* Problem requirements *
Please print the entries below exactly, from the line with "Miniature Dachshund dogs" through the line with "Meet your Posher, Jackie", including both of those lines and leaving out all others.

* Material shown *
-------

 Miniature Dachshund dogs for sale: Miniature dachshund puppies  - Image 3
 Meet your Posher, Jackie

-------

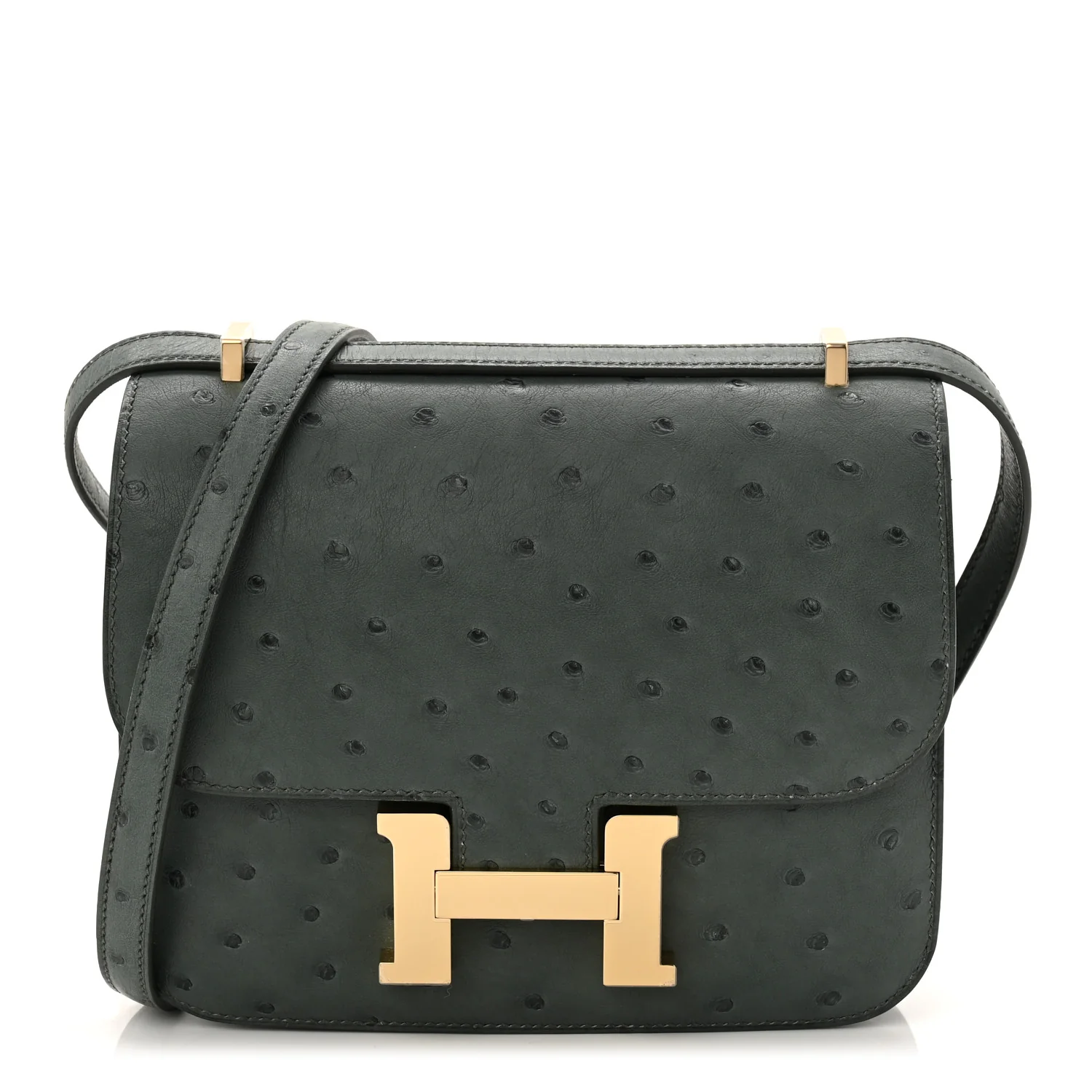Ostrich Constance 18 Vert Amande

-------

* Result for this exercise *
 Miniature Dachshund dogs for sale: Miniature dachshund puppies  - Image 3
 Meet your Posher, Jackie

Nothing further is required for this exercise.